Chefe de polícia fala em ‘elementos que vão de encontro a informações’.

Do G1 Caruaru

Um soldado de 32 anos, do 4º Batalhão da Polícia Militar, é suspeito de homicídio e está preso no Centro de Reeducação da Polícia Militar (Creed), em Abreu e Lima, Região Metropolitana do Recife. Ele foi levado à unidade na sexta-feira (30) em cumprimento a um mandado judicial de prisão preventiva. O G1 conseguiu contato com um colega dele e, nesta terça-feira (3), conversou com o delegado Darley Timóteo, da Diretoria do Interior I, no Agreste pernambucano, único autorizado a falar. Até então, a Polícia Civil não havia comentado o fato.

O colega do policial, que preferiu não ser identificado, classifica o homicídio como uma “fatalidade”. Segundo ele, o assassinato teria ocorrido após quatro homens entrararem no mercadinho que o soldado tem no Bairro Cidade Jardim, em Caruaru. Estes teriam anunciado o assalto, pego uma quantia e foram surpreendidos com a reação do dono, que sacou uma arma para se defender e atingiu um. “Ele [o soldado] não se feriu, chamou o apoio policial e entregou a arma”, complementa o colega. O fato ocorreu há alguns meses.

Também de acordo com este colega, havia um cliente no mercadinho, mas não teria sido ouvido pela Polícia Civil. Diz ainda que o ponto comercial funciona na casa do soldado e a mulher dele estava na hora em que os homens chegaram, porém, igualmente não teria sido chamada para depoimento na delegacia. “A polícia só ouviu os três assaltantes. Como é que você coloca como testemunhas só os três assaltantes?”, questiona.

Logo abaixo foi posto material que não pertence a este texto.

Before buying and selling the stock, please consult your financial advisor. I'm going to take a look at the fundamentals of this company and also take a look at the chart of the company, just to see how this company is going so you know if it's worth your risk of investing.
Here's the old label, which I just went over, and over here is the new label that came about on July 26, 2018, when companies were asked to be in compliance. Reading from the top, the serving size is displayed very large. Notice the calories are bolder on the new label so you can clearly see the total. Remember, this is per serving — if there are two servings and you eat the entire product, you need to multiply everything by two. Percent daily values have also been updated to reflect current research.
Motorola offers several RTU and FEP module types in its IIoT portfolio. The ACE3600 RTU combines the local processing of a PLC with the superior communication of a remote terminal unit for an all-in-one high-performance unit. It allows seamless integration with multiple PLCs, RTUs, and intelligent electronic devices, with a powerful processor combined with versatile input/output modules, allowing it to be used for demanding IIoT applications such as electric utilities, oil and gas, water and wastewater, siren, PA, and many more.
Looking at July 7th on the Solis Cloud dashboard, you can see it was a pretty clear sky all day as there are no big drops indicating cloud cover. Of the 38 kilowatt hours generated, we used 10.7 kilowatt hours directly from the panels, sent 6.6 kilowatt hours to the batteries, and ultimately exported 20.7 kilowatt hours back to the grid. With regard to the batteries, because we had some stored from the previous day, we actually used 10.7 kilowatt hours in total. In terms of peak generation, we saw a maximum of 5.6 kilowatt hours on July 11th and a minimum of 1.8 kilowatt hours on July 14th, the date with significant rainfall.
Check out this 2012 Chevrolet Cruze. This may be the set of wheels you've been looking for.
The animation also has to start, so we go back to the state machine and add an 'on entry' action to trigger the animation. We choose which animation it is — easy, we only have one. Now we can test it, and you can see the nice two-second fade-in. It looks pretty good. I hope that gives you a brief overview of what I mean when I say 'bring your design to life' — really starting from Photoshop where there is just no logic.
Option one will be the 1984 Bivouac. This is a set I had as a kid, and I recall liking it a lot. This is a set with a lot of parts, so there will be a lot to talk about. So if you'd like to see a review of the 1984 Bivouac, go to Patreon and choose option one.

O delegado Darley Timóteo ainda não teve contato direto com o caso, no entanto, contou que a polícia colheu depoimentos e obteve provas. “No decorrer das investigações deste fato, a Polícia Civil encontrou elementos que vão de encontro a umas informações. O delegado não autuou [o soldado] em flagrante, mas, nos cadernos judiciais deve haver indícios para que o Ministério Público pedisse a prisão preventiva e o juiz decretasse. Não sei dizer a gravidade, mas deve ter sido algo robusto”. Acerca do depoimento da mulher do soldado e do cliente do estabelecimento, Timóteo afirma que certamente eles serão ouvidos.

Este chefe de polícia comunica que o delegado responsável tem dez dias – a contar do cumprimento do madado judicial – para conclusão do caso. A prisão preventiva, nesta situação, pode durar até 30 dias e ser prorrogada por mais 30. “Se, lá no final, entender que o policial não teve culpa, o Ministério Público não irá denunciá-lo”, ressalta.

‘Conduta exemplar’, diz amigo
“Não tem nada contra ele na Justiça. Ele tem elogios e a conduta é exemplar. E o delegado acreditou que ele pode colocar em risco a vida dos outros [suspeitos do assalto que sobreviveram e estariam em liberdade]? Ele [o soldado] não foi detido. Quando soube da decisão judicial, ligou para o Batalhão [de Caruaru] e pediu para uma viatura buscá-lo. Isso está no Boletim de Ocorrência”, relata aquele colega. “A gente não está dizendo que não houve homicídio. Houve e foi uma fatalidade. Mas é um absurdo ele estar sendo considerado um homem perigoso”.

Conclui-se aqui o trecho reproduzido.